-------- ENTRIES SHOWN --------

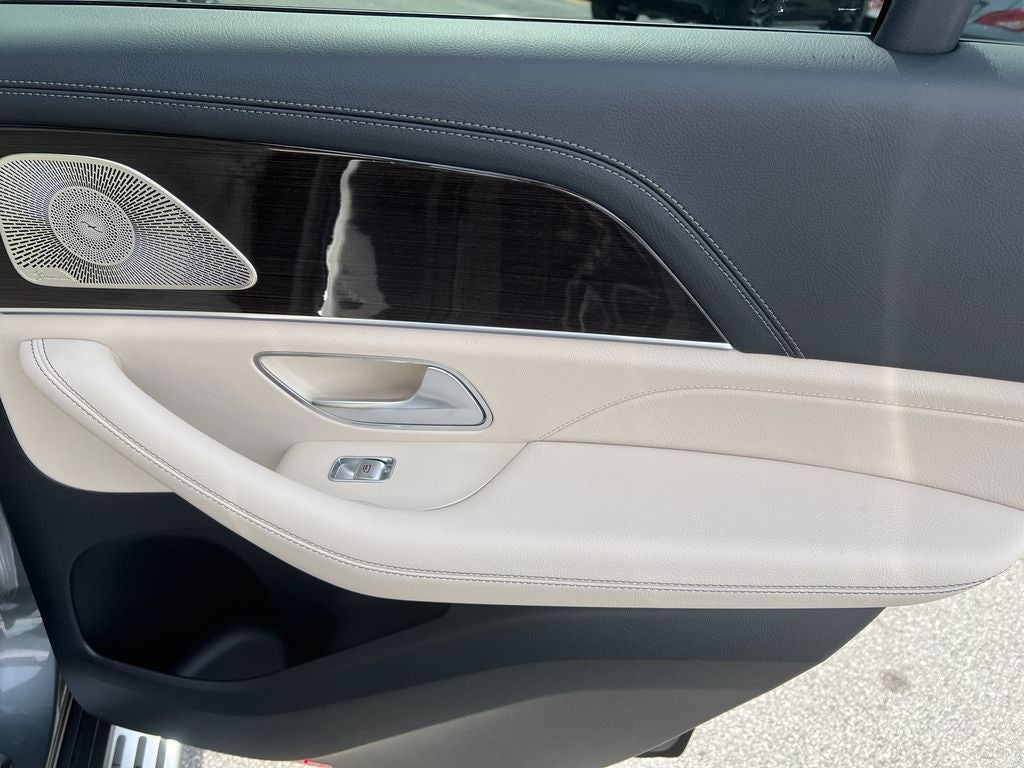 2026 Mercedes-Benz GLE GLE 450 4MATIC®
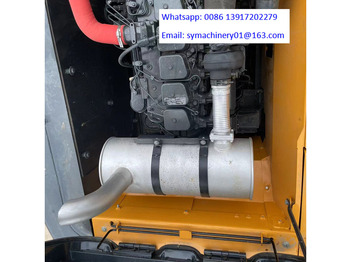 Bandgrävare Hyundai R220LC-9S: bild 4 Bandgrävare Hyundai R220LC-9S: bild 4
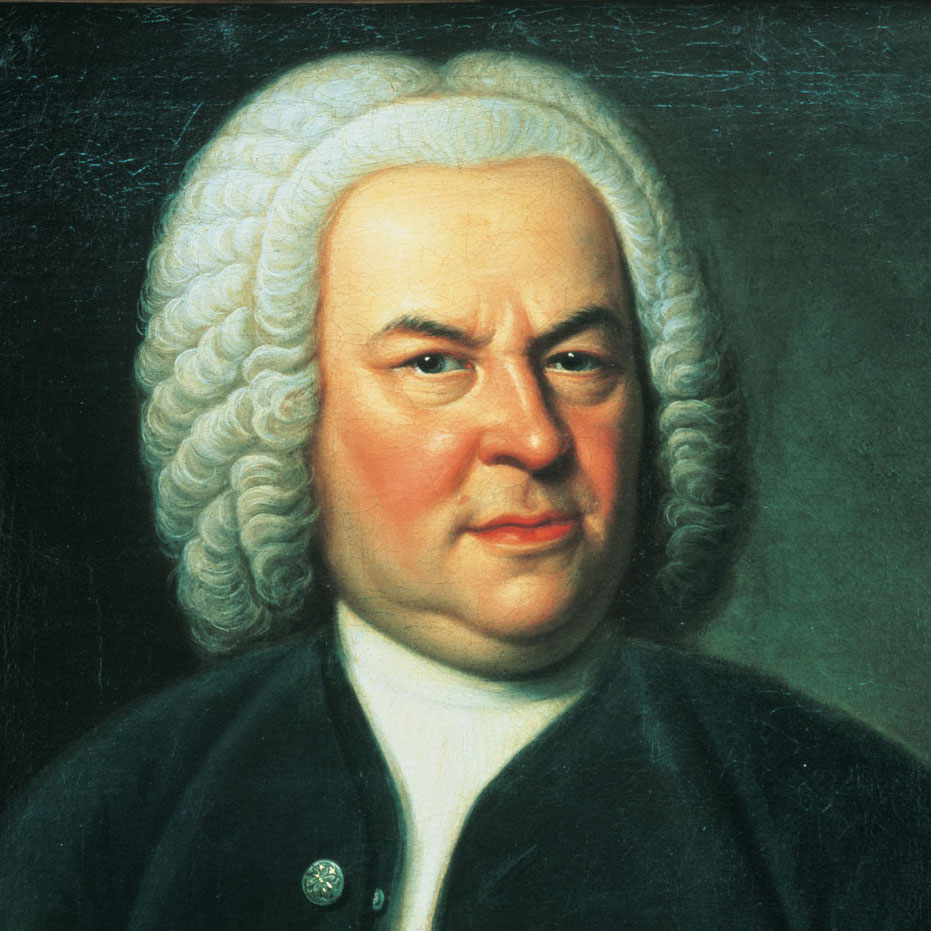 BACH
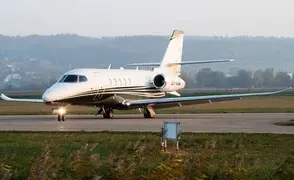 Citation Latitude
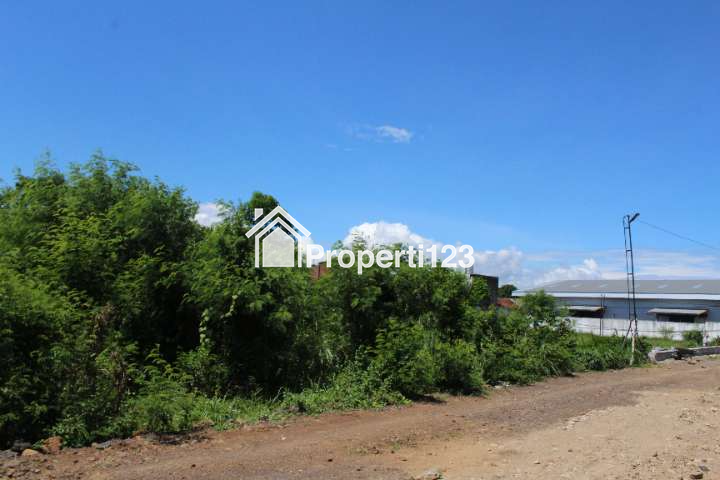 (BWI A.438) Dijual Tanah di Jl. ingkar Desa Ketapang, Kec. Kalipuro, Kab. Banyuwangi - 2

--------

## TASK DESCRIPTION
Every line from the one containing "Bandgrävare Hyundai R220LC-9S: bild 4 Bandgrävare" through the last line of the data is to be retyped exactly, with nothing added and no pictures included.

## COMPLETED TASK
 Bandgrävare Hyundai R220LC-9S: bild 4 Bandgrävare Hyundai R220LC-9S: bild 4
 BACH
 Citation Latitude
 (BWI A.438) Dijual Tanah di Jl. ingkar Desa Ketapang, Kec. Kalipuro, Kab. Banyuwangi - 2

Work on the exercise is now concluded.